> [Problem description] Transcribe every entry word for word. Skip the pictures.

[Material for this exercise Boundary: Start]

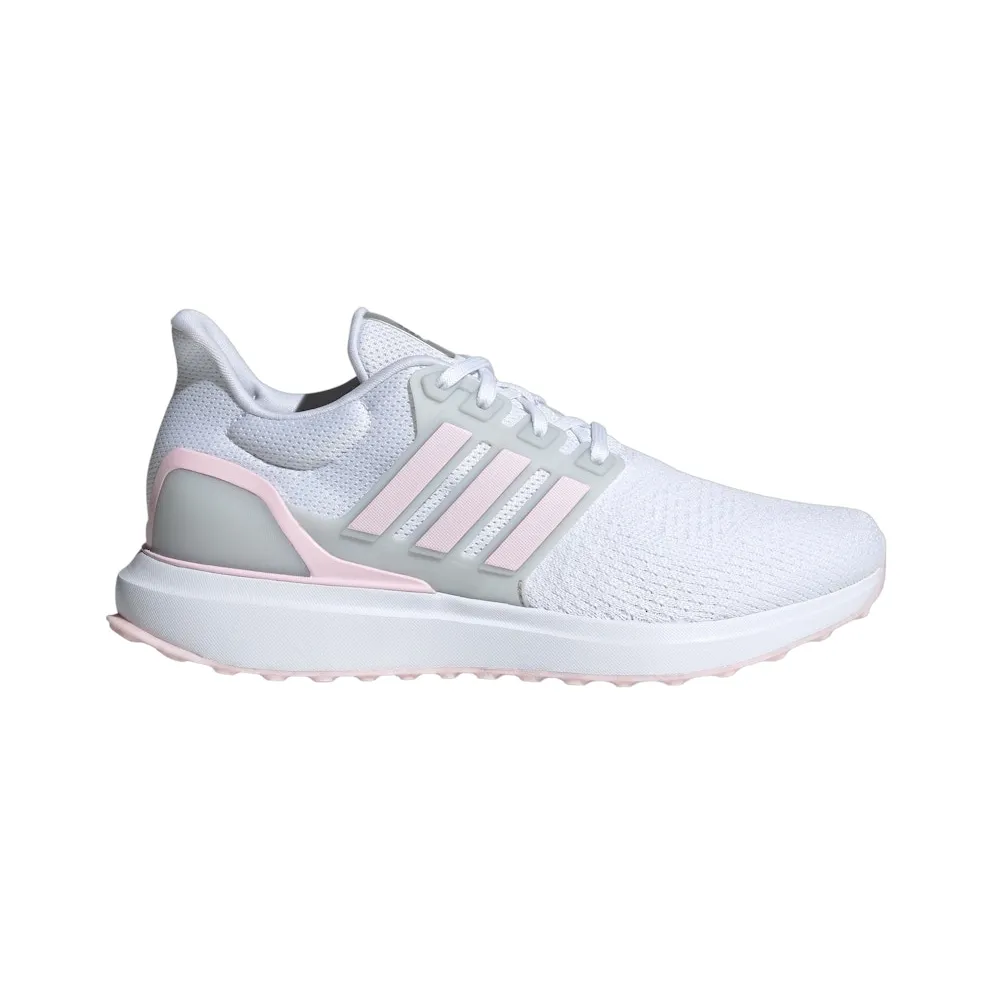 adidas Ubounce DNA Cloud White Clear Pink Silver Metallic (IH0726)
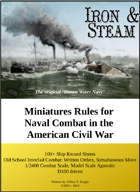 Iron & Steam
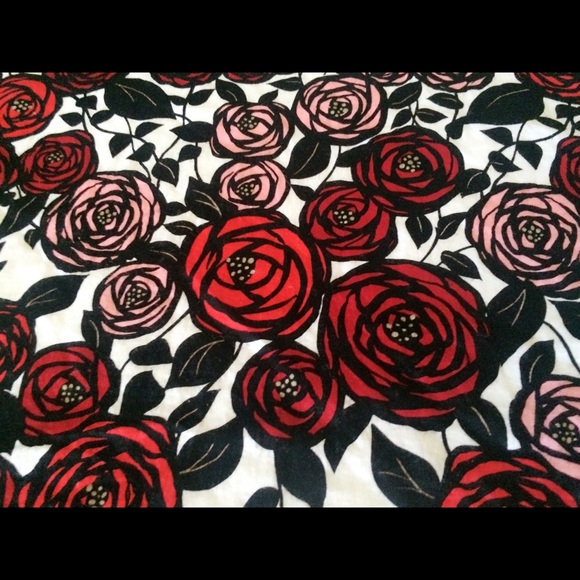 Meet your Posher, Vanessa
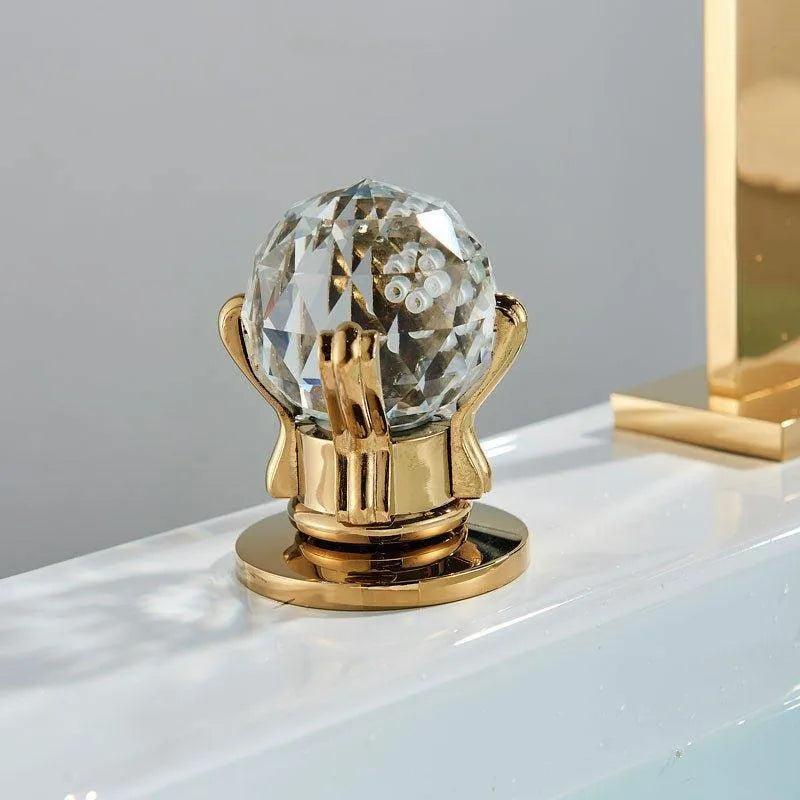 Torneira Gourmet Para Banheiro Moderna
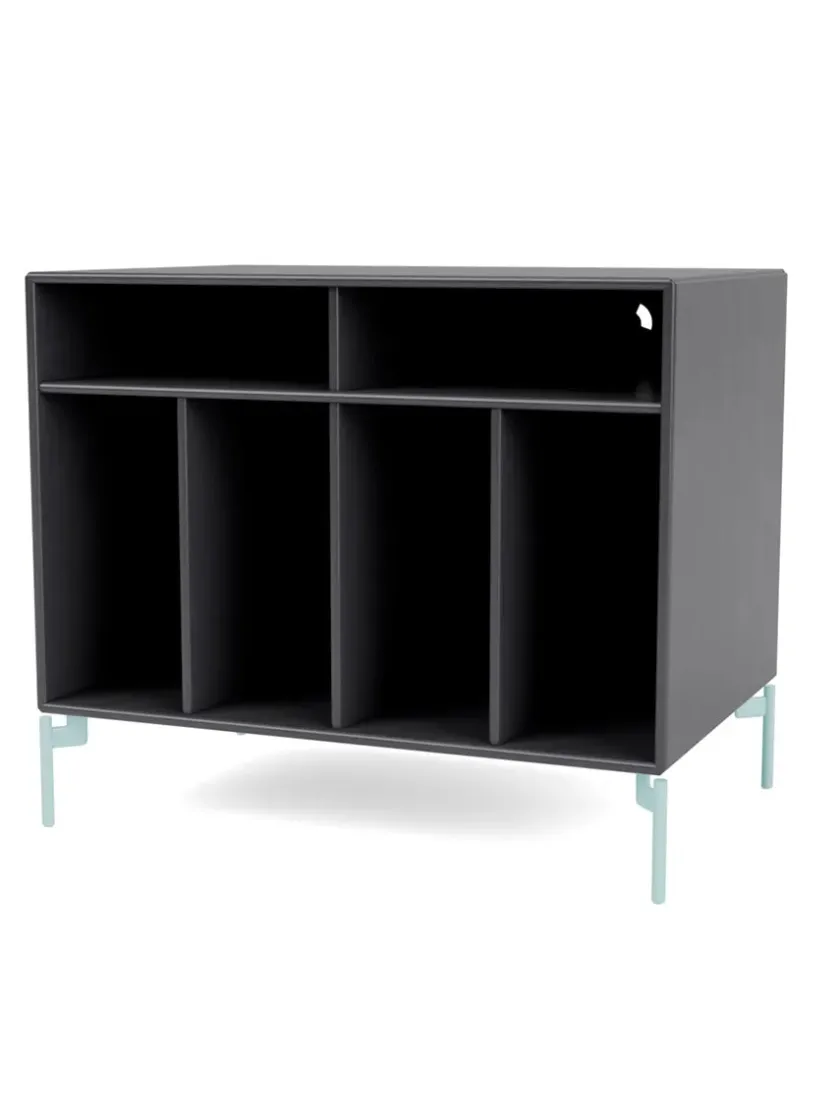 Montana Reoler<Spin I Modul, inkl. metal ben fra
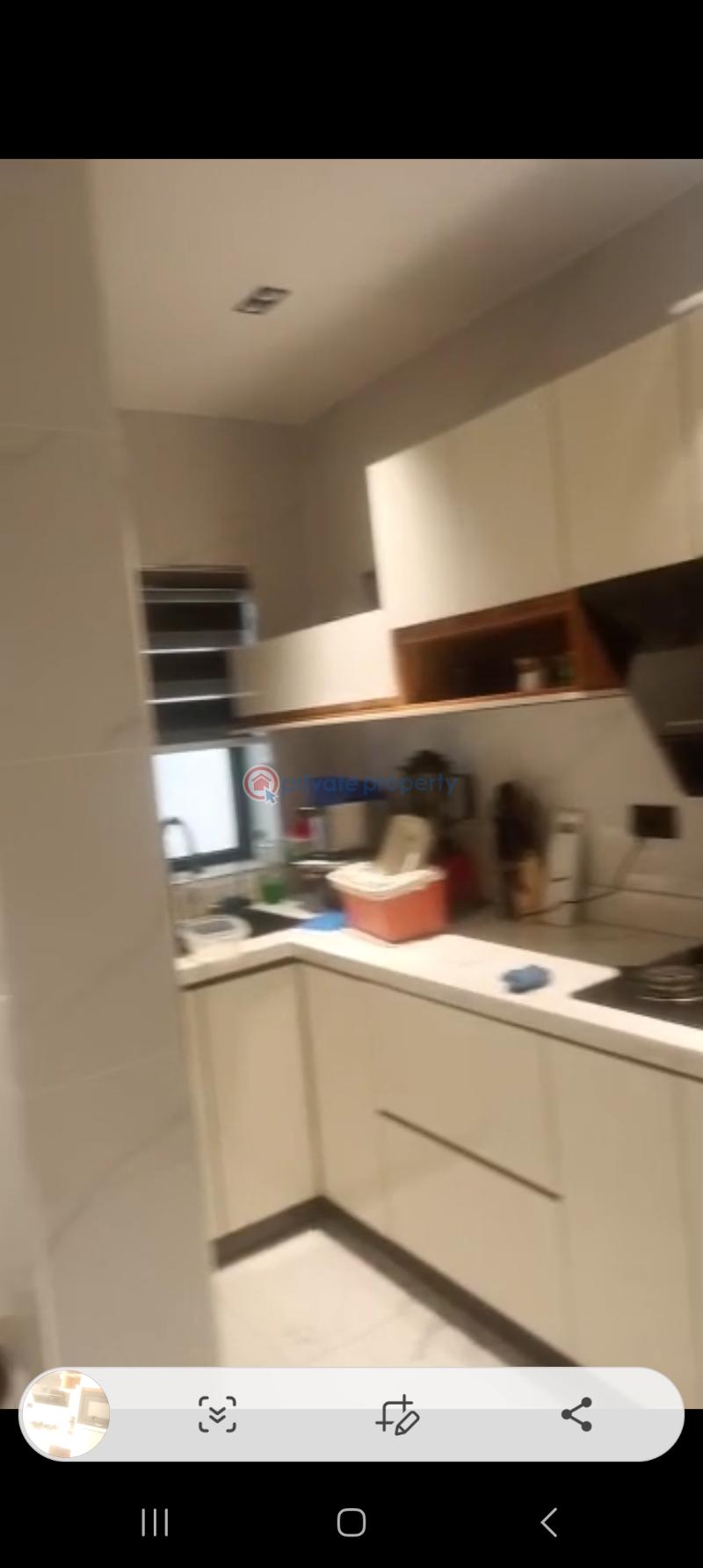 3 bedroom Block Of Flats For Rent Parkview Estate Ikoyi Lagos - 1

[Material for this exercise Boundary: End]

> [Worked solution]
 adidas Ubounce DNA Cloud White Clear Pink Silver Metallic (IH0726)
 Iron & Steam
 Meet your Posher, Vanessa
 Torneira Gourmet Para Banheiro Moderna
 Montana Reoler<Spin I Modul, inkl. metal ben fra
 3 bedroom Block Of Flats For Rent Parkview Estate Ikoyi Lagos - 1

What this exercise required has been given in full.